European Union Rejects Russian Gas: Plans for Supply Ban by 2027 Explained

The European Union has made a decisive move to end its reliance on Russian gas by autumn 2027, a significant step in response to the ongoing conflict in Ukraine. This agreement, reached after extensive negotiations among EU institutions and member states, aims to curtail Moscow’s energy revenues and enhance Europe’s energy security. EU Energy Commissioner Dan Jorgensen celebrated the decision, emphasizing the commitment to independence from Russian energy supplies.

Details of the Agreement

Under the new plan, the EU will prohibit any new long-term gas contracts with Russian suppliers after September 30, 2027, contingent on adequate storage levels. Additionally, long-term liquefied natural gas (LNG) contracts will be phased out even earlier, starting January 1, 2027. Short-term LNG contracts will conclude by April 25, 2026, while pipeline gas contracts will end by June 17, 2026. The European Council stated that these measures are crucial to ending dependency on Russian energy, particularly following Russia’s use of gas supplies as a weapon, which has had significant repercussions on the European energy market. The agreement is pending formal approval from both the European Parliament and EU member states.

Moreover, the deal includes provisions for companies currently bound by Russian supply agreements, allowing them to terminate contracts under the “force majeure” clause once the ban is enacted. The agreement also instructs the European Commission to develop a roadmap for eliminating Russian oil imports to Hungary and Slovakia by the end of 2027. These countries had previously received exemptions when the EU reduced Russian oil purchases in 2022, with Hungary’s Prime Minister Viktor Orban expressing reluctance to change course.

Impact on Russian Gas Imports

The EU’s decision comes amid a notable decline in Russian gas imports, which have dropped significantly since 2021. Before the invasion of Ukraine, Russia supplied 45% of the EU’s imported gas.

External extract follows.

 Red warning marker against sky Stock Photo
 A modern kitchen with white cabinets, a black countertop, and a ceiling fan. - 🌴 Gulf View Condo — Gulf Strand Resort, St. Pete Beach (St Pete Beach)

By 2024, this figure is expected to decrease to just 19%. The EU has successfully reduced pipeline deliveries and has partially compensated for this loss with LNG imports transported by sea. Currently, Russia remains the EU’s second-largest LNG supplier, following the United States, accounting for approximately 20% of LNG imports in 2024, which translates to around 20 billion cubic meters out of a total of 100 billion. This year, imports of Russian LNG are projected to reach €15 billion, underscoring the financial implications of the impending embargo.

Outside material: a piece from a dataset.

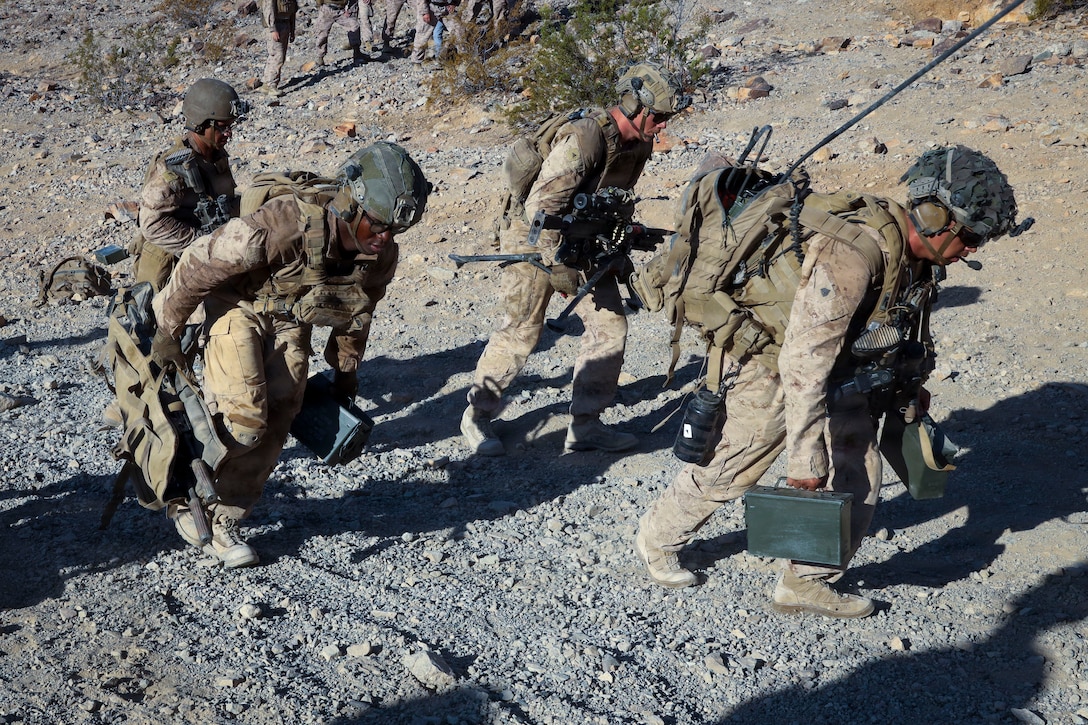 U.S. Marines with 2nd Battalion, 2nd Marine Regiment, 2nd Marine Division, sprint up a hill during a company attack on Range 400 as part of Service Level Training Exercise 4-26 on Marine Corps Air Ground Combat Center, Twentynine Palms, California, July 28, 2026. SLTE 4-26 is designed to be a challenging, realistic training environment that produces combat-ready forces capable of operating as an integrated Marine Air Ground Task Force across all domains of military operations. (U.S. Marine Corps photo by Staff Sgt. Matthew Kirk)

Freezing Russian Assets for Ukraine

In addition to the gas import ban, the EU plans to utilize frozen Russian assets to support Ukraine’s economy and military efforts over the next two years. Ukraine’s budget and military needs for 2026 and 2027 are estimated to be around €130 billion (approximately $150 billion), a commitment the EU has pledged to meet. Since the onset of the war in 2022, the EU has already provided over €170 billion in support to Ukraine. However, Belgium, which holds a significant portion of these frozen assets—approximately €194 billion—has expressed reservations about using them, citing potential financial and legal risks.

Belgian Foreign Minister Maxime Prevot has described the proposal to use frozen assets for reparations as risky and unprecedented. He emphasized that Belgium is not seeking to antagonize its partners or Ukraine but aims to avoid adverse consequences for member states. In response to Belgium’s concerns, EU officials acknowledged the validity of these issues, with German Foreign Minister Johann Wadephul stating that they can be resolved through collective responsibility. Meanwhile, Belgium continues to generate tax revenue from the frozen assets, which is being used to finance a G7-backed loan program for Ukraine. The European Central Bank has raised concerns that a proposed EU reparations loan could undermine international confidence in the euro, and EU leaders are set to discuss this plan at the upcoming Brussels summit on December 18.